Arvidson, who has been poking around on Mars since 2004 with the Spirit and Opportunity rovers, will use Curiosity as an instrument to learn about Martian soils. He and hundreds of others are looking for carbon-based molecules and other evidence that life may have existed on Mars, or that it could sustain life in the future.
NASA Administrator Charles Bolden has used the landing to knock back suggestions that the space agency, created with aplomb by the administration of President Dwight D. Eisenhower, had gotten old and creaky.

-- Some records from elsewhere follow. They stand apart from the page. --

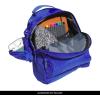 imageadidas Mini Backpack for Women  Small Bag for Travel Gym Festival ampamp More BlackWhite One SizeSemi Lucid Blue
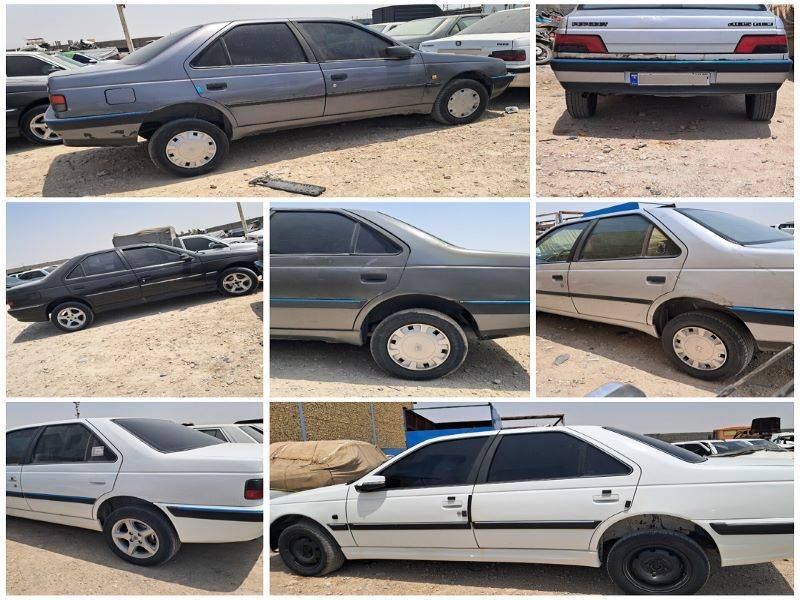 طرح برخورد با خودروهای شوتی و دارای تغییر وضعیت در لامرد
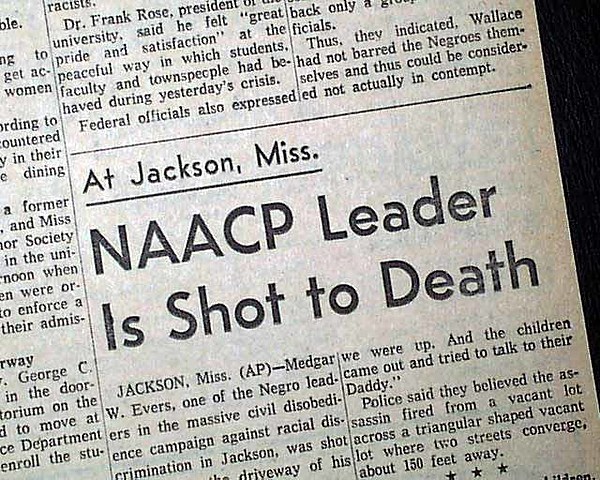 Assassination of Medgar Evers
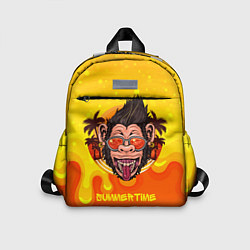 Детский рюкзак Summertime обезьяна, цвет: 3D-принт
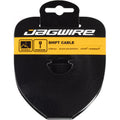 Jagwire Schaltzug Sport Stahl verzinkt, geschliffen 1,1 x 3100 mm Silber - präzise, reibungsarme Schaltperformance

John P. Holdren, the president's science adviser, summed it up this way: "If anybody has been harboring doubts about the status of U.S. leadership in space, well, there's a one-ton automobile-size piece of American ingenuity. And it's sitting on the surface of Mars right now."
If that statement doesn't kindle a spark of can-do spirit, you've spent too much time listening to the naysayers and demagogues who would have you believe that the hope, promise and spunk of the United States is dead.
All we can say to that is, "Go get 'em, rover."
The following editorial appeared in the Orlando Sentinel:
It's been a while since we've seen a nail-biter like this one.
Not only did Curiosity have to travel some 350 million miles from Earth to Mars, the spacecraft then had to make a super-heated descent through the Martian atmosphere, deploy a parachute, dump the chute, then fire some rockets on a kind of hovercraft while a "sky-crane" gently lowered a car-sized rover to the surface. Are you kidding?
And yet, NASA pulled it off early Monday, demonstrating some of the old derring-do that once endeared the agency to the American public.
It was an energizing change of pace from the exhausting tar pits of American politics and the random massacres that seem to take place with alarming regularity.
Curiosity will spend several years on the surface of Mars, slowly and methodically analyzing its geology for signs of earlier life, and even occasionally zapping rock formations with an onboard laser. Pretty cool.
It's the kind of mission that should remind us -- and Congress -- why the American space program is worth preserving and protecting. Americans are a curious people, and exploring the heavens appeals to our better nature.
It should also serve as a reminder that the nation's space agency is at its best when its goals are audacious.
If the public can get so excited about an unmanned rover on Mars, imagine the reaction to human footprints on the Red Planet.